The Federal Reserve Bank of New York’s latest Quarterly Report on Household Debt and Credit showed U.S. consumers’ credit card debt had not seen its usual post-holiday-season dip in the first quarter, while total consumer debt had for the first time surpassed $17 trillion. In turn, shoppers are showing signs of financial stress amid high inflation and rising interest rates.
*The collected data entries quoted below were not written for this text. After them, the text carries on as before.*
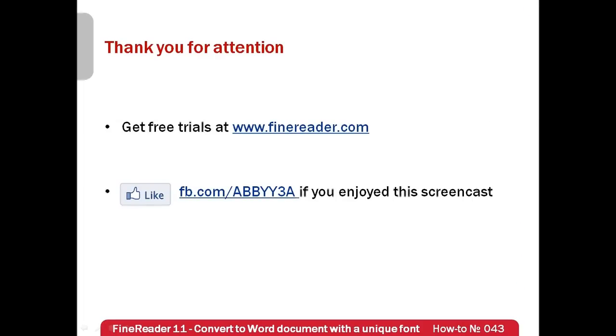I hope that conversion of documents with exotic fonts into editable formats won't be a problem for you anymore. Free trials of ABBY FineReader can be downloaded from www.finereader.com. Thank you very much for your attention and if you have enjoyed this screencast, please like our Facebook page which is available at fb.com/ABBYY3A.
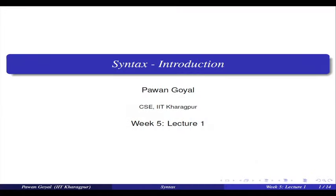Welcome to the fifth week of this course. In this week, we will be moving up the hierarchy of solving language processing tasks.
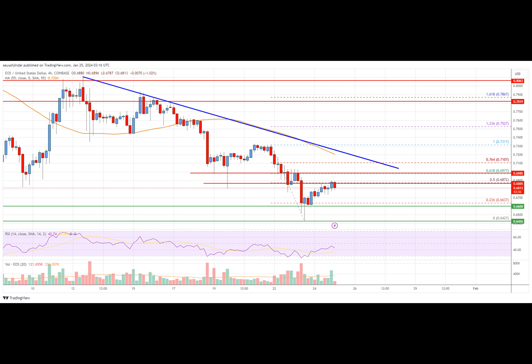EOS price is struggling below $0.700 against the U.S. dollar, unlike Bitcoin. In the past few days, EOS price saw a fresh decline from the $0.7350 resistance against the U.S. dollar. The price traded below the $0.710 and $0.700 levels to move into a bearish zone. The pair even traded below the $0.6650 support, with a low formed near $0.6427, and the price is now consolidating losses.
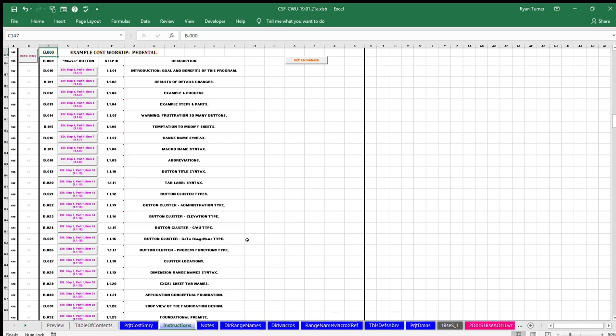Each instruction example consists of a macro button and a self-comment. To read the text of the macro before clicking the button, hover over the cell to the right of the button and the text of the macro is displayed.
While the share of current debt becoming delinquent has increased for the fifth consecutive quarter for most types of credit, delinquency rates are still low, historically speaking, with less than 3% of total consumer debt delinquent, i.e. at least 30 days late, Statista reports. The absence of a drop in credit card balances in the first quarter also could be a sign of robust consumer spending rather than financial stress, according to Statista. For example, credit cards are presently used more often as a payment method rather than a borrowing method.
Additionally, consumers are far from reaching their debt ceiling, at least in regard to their credit card limits. With a total credit card balance of $986 billion and a total limit of $4.5 trillion, U.S. consumers have $3.5 trillion in untapped available credit on their cards, Statista reports.
Last year, credit cards were the most popular point of sale payment method — 40% of consumers charged a credit card at checkout, according to Worldpay. Debit card (31%), e-wallet, digital/mobile wallet (12%) and cash (12%) followed as the most popular. Buy now, pay later (BNPL) financing trailed at around 1% consumer usage.
While all generations use credit cards, a TransUnion study found that 50% of “credit-active” Gen Zers in the U.S. have a credit card. In turn, the familiarity with financing payments opened the door for Gen Z to adopt newer forms of credit and debt, such as BNPL options. BNPL is expected to grow driven by younger consumers, and Retail Leader Pro recently reported 43% of Gen Z and millennials in the U.S. used BNPL services to shop for groceries.